__PROVIDED DATA__:
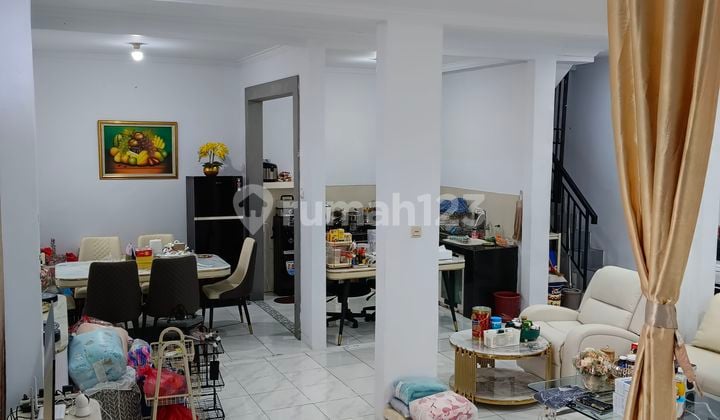 Rumah Modernland Hook Terbagus! 171m² 2 Lantai Shm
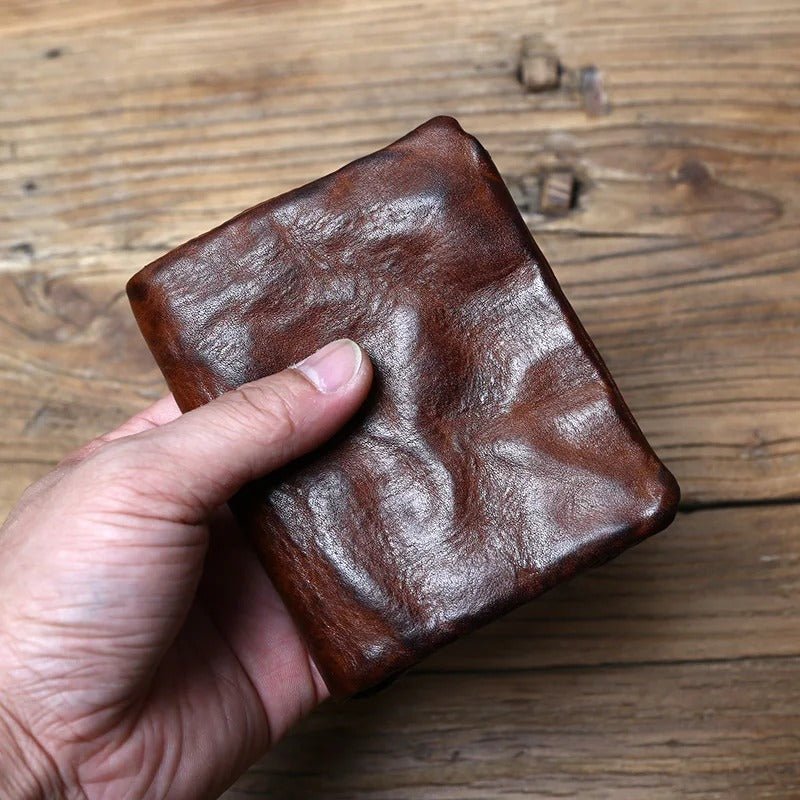 The Stonehide Full-Grain Wallet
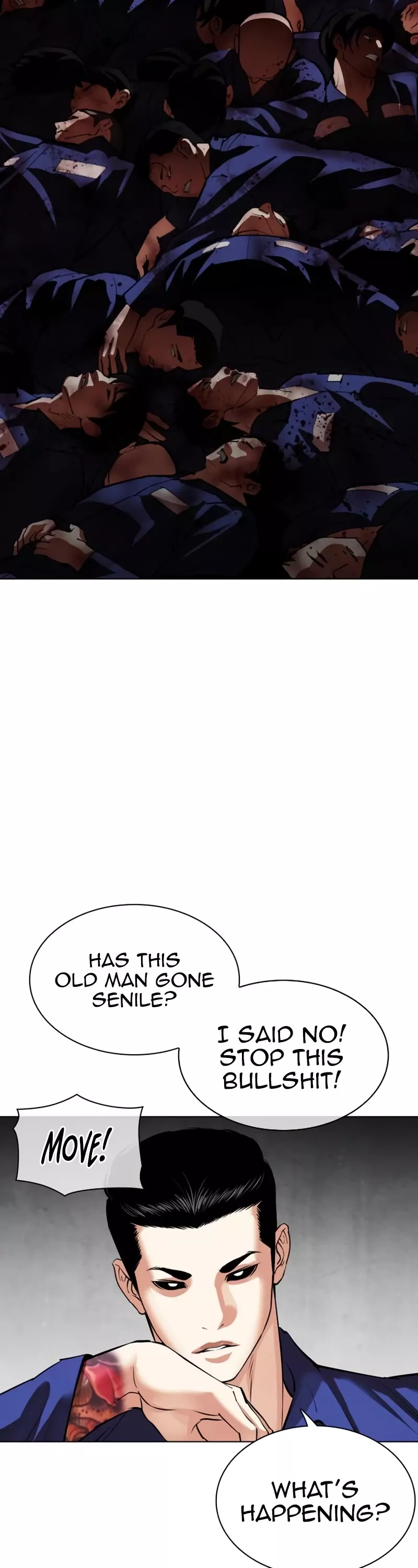 Read Lookism EN Manga Online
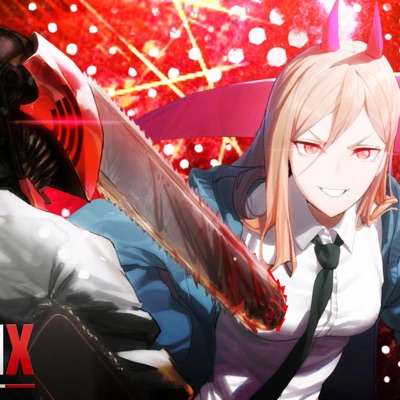 Sangre Suelta(Denji y Power Rap) - Single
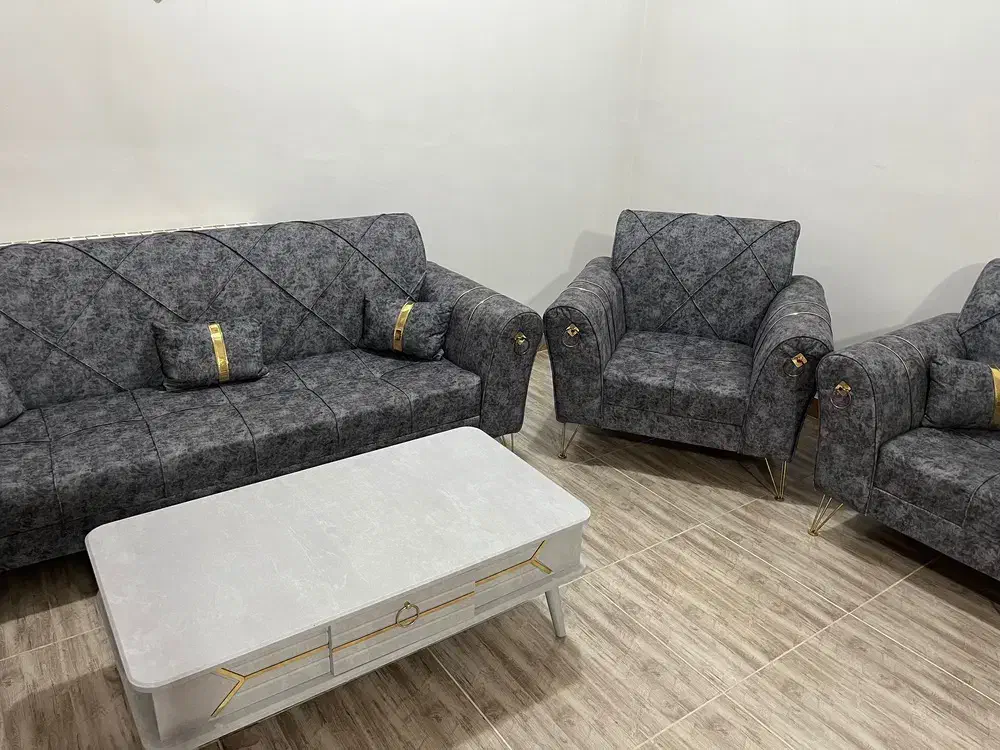 مبل 7 نفره|مبلمان خانگی و میز عسلی|سنقر, |دیوار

__THE TASK__: Could you print all of the entries above exactly as written, minus the pictures?

__SOLUTION FOR THIS PROBLEM__:
 Rumah Modernland Hook Terbagus! 171m² 2 Lantai Shm
 The Stonehide Full-Grain Wallet
 Read Lookism EN Manga Online
 Sangre Suelta(Denji y Power Rap) - Single
 مبل 7 نفره|مبلمان خانگی و میز عسلی|سنقر, |دیوار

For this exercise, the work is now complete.